HDL Interoperability: A Compiler Technology Perspective

Olcoz, Serafín; Menchini, Paul;

Abstract

Electronic systems are currently developed and verified by means of CHDL descriptions. This work is supported by two main activities: simulation and synthesis, both of which are based on compiler technology. The application of this technology and its relationship with CHDL simulation is presented in this paper. Typical VHDL compilation steps are presented to introduce analysis as the last point in common between simulation and synthesis applications. With this foundation, we elaborate on the differences between the two most popular HDLs, VHDL and Verilog, in terms of compilation technology and explore the use of common data representation that can be used as a solution to CHDL interoperability problems.



VHPI, A Programming Language Interface for VHDL

Dunlop, Doug;

Abstract

This paper describes VHPI, a C programming language interface for VHDL that is under development at Cadence. The intended use of VHPI is explained and the important characteristics of the interface for accessing VHDL design information and interacting with a VHDL tool are described. Finally, the need for a standard way of including user-written C code with VHDL models in a VHDL environment is discussed.



Advanced Intermediate Representation with Extensibility (AIRE)

Willis, John; Wilsey, Philip A; Peterson, Gregory D; Hines, John; Zamfirescu, Alex; Martin, Dale A; Newshutz, Robert N;

Abstract

The Advanced Intermediate Representation with Extensibility, AIRE, supports integration of advanced HDL tool components and exchange of partially compiled HDL designs. Tool components may be integrated within a single address space using AIRE's internal intermediate representation, IIR. AIRE's file intermediate representation, FIR, supports integration of tool components and HDL designs though reading and writing AIRE files. Efforts to build previous generations of HDL tools on a standard intermediate format did not converge or achieve the support of multiple vendors due to competing commercial concerns and technical problems. Earlier approaches no longer meet the requirements of today's advanced tool developers. Today, advanced HDL tools require consistent representation from analysis through runtime, true portability among tools and platforms, extensibility to support both localized and industry-wide extensions, memory / processor efficiency, intellectual property security, unrestricted access to the specification / revision process and broad HDL language scope. The Electronic Industry Association's AIRE meets these requirements for advanced HDL tools.
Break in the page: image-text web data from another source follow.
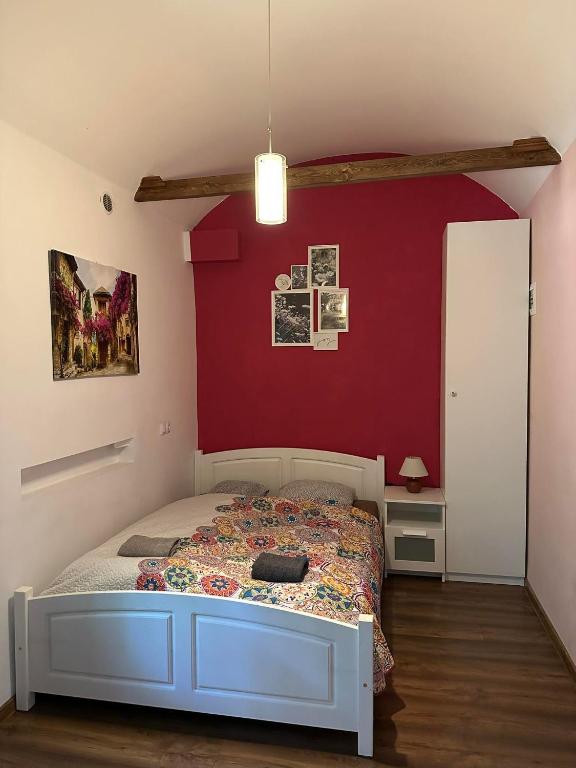 1 dormitorio con cama y pared roja en City Centre Apartment Wielopole en Cracovia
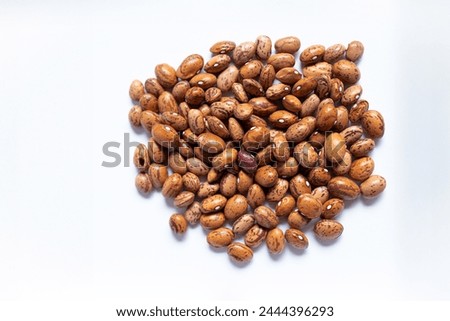 Pinto beans on the white background 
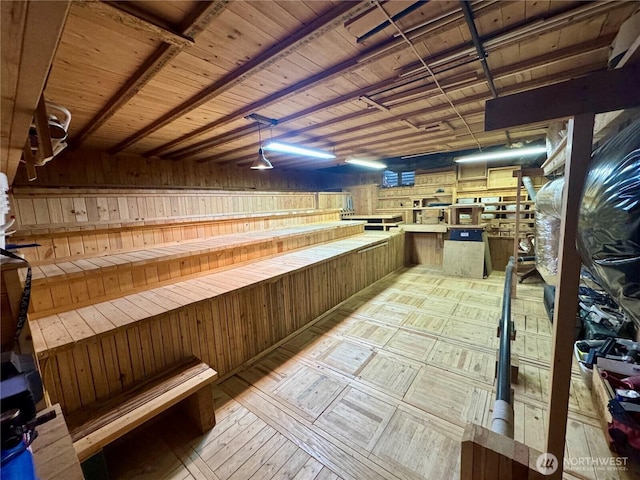 4714 Fairwood Blvd NE Unit 201, Tacoma, WA 98422 - bar featuring wooden walls, light wood-type flooring, and wooden ceiling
A Method for Iterative Customization of Object-Oriented VHDL Intermediate

Chawla, Praveen; Shellhause, Michael; Nocjar, Jonathan; Carter, Jeffery;

Abstract

This paper describes a method to develop VHDL-based tools by iteratively and incrementally customizing an object-oriented VHDL internal intermediate representation. Such a method derives its need from the availability of commercial VHDL analyzers with advanced and open object-oriented interfaces which can potentially eliminate the need to develop or use proprietary analyzers and procedural interfaces, thereby resulting in considerable savings in time and money.